Monday, April 6, 2009

In Treatment: Week one in review

As I mentioned last week when I wrote my "In Treatment" review and behind-the-scenes feature, I'm taking a different approach to blogging the show this year than last. Only one post per week, put up after all five episodes have aired, with some overall thoughts and then brief notes on each episode to get the discussion started. Spoilers coming right up...
"I just don't care anymore... The truth is I'm just f---ing sick of sitting in a chair day after day after day listening to people's problems." -Paul
"Oh, boy. Oh, boy." -Gina
An exchange like that might, at first glance, make it seem like "In Treatment" season two will be a rehash of season one. But despite that outburst, and the way that this year's patients resemble last year's (most strongly this week with Oliver's parents and Walter, which I'll get to), this year already feels different.

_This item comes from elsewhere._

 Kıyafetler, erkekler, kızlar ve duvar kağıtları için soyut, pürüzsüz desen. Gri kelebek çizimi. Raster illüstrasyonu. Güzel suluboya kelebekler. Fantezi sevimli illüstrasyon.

Yes, Paul's in the midst of another crisis, brought on by the end of his marriage and the lawsuit brought by Alex's father -- and can I once again give a standing O to Mr. Glynn Turman for how brilliant he is each time we see him in that role? -- but he seems much more engaged and in control as a therapist than he did last year with any patient other than Sophie. This is a Paul who knows what he's doing, even if he doesn't know exactly who he is or what he wants, and it's nice to see him back at full professional strength even when he's a mess inside.

Now, patient-by-patient...

Mia (Hope Davis)
"It's not like therapy. The law is win or lose. There's no subtext here." -Mia
After the brief, painful encounter with Mr. Prince, Paul finds himself unexpectedly face-to-face with former patient Mia. He last saw her 20 years ago when both were just starting out, and while she's risen to literal heights in her profession (palatial office with an amazing view and a line of designer stilettos in the closet), she resents the hell out of Paul for abandoning her two decades earlier.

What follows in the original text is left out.